- [WHAT TO PRODUCE]: Look below for the line containing "O Tannenbaum | Sprout Sock" and the line containing "SISTEMAS ANTI OLOR - StonerShopGrowShop", then set down both and every line between them exactly, without pictures.

- [EXTRACTED INFORMATION]:
------------------------------

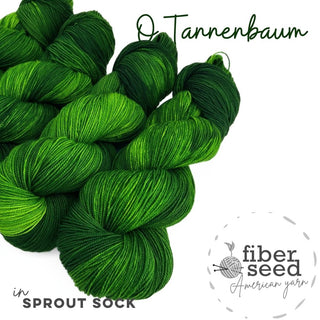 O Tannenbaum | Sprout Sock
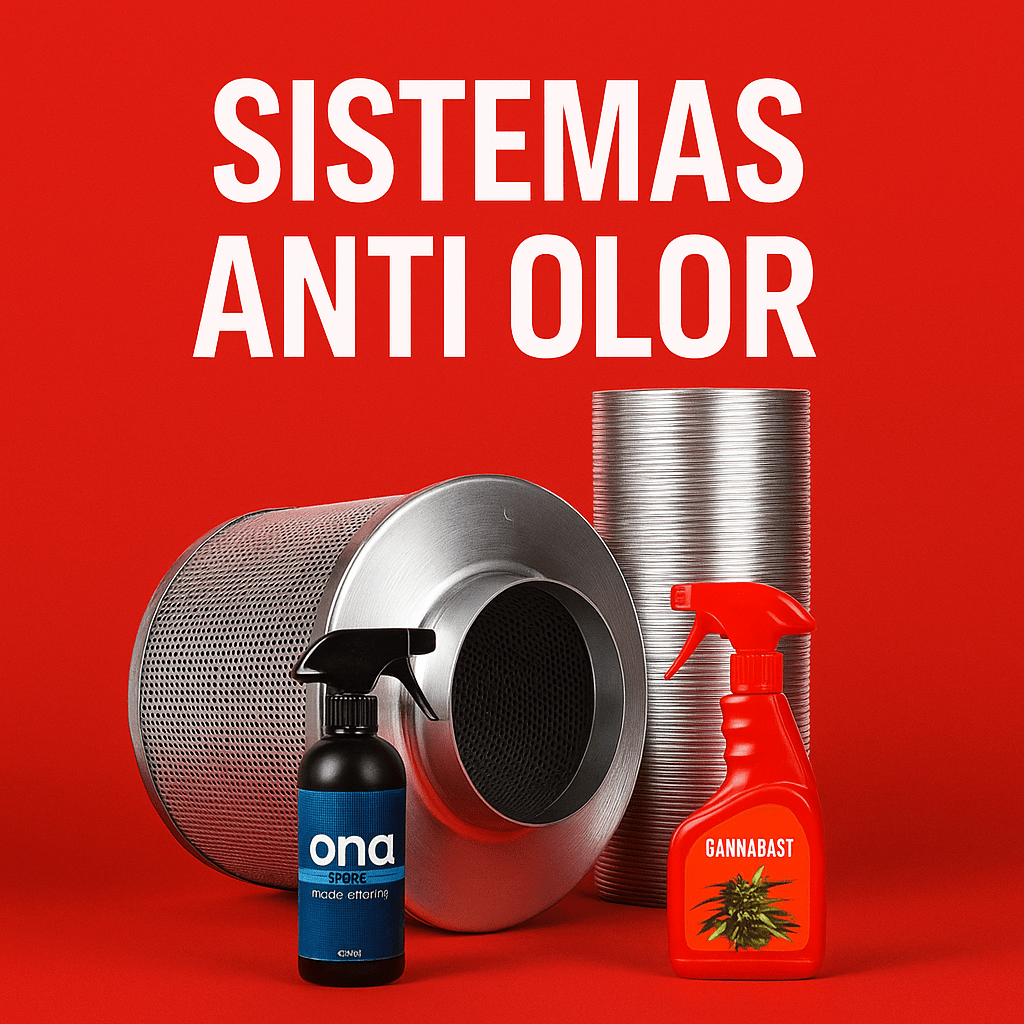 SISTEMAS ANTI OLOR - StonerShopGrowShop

------------------------------

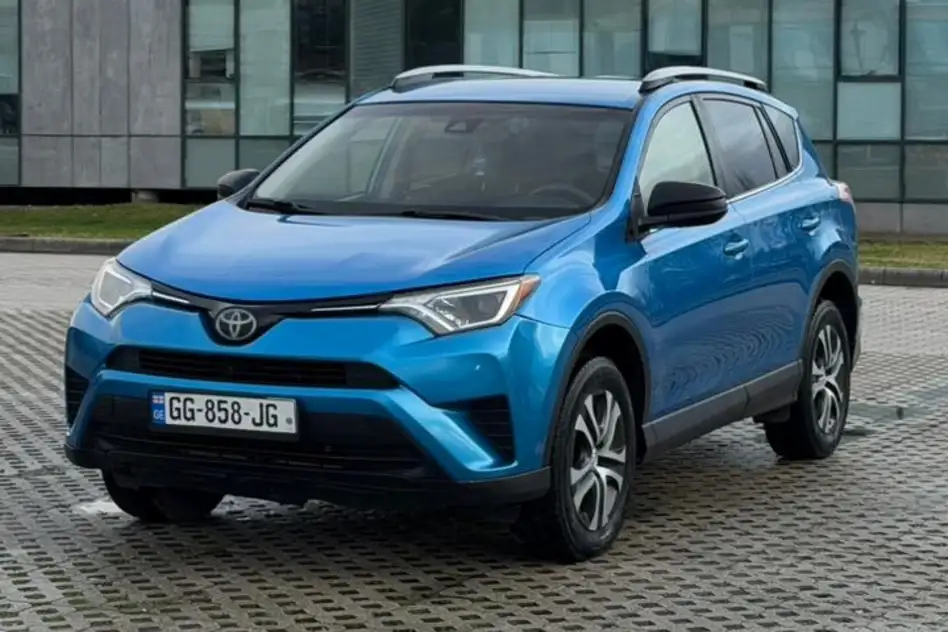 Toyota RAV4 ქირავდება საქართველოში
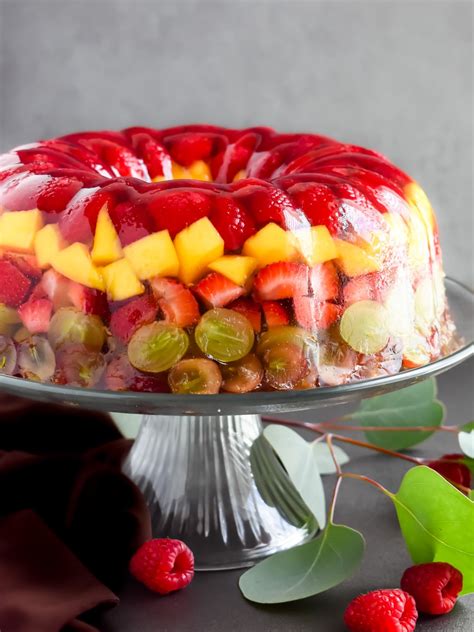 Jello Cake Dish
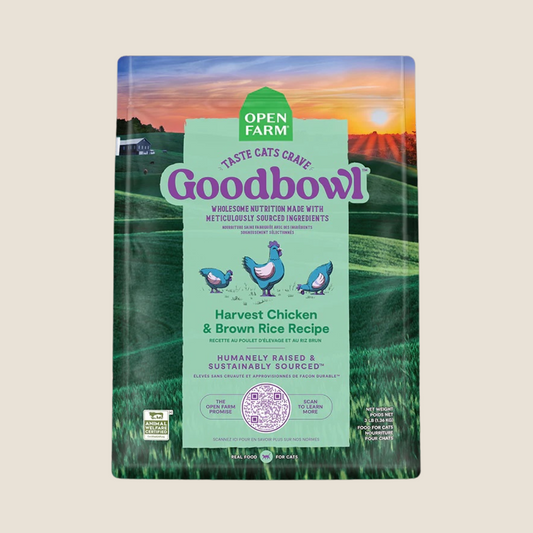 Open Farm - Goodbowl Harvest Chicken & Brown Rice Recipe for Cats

------------------------------

- [PROBLEM SOLUTION]:
 O Tannenbaum | Sprout Sock
 SISTEMAS ANTI OLOR - StonerShopGrowShop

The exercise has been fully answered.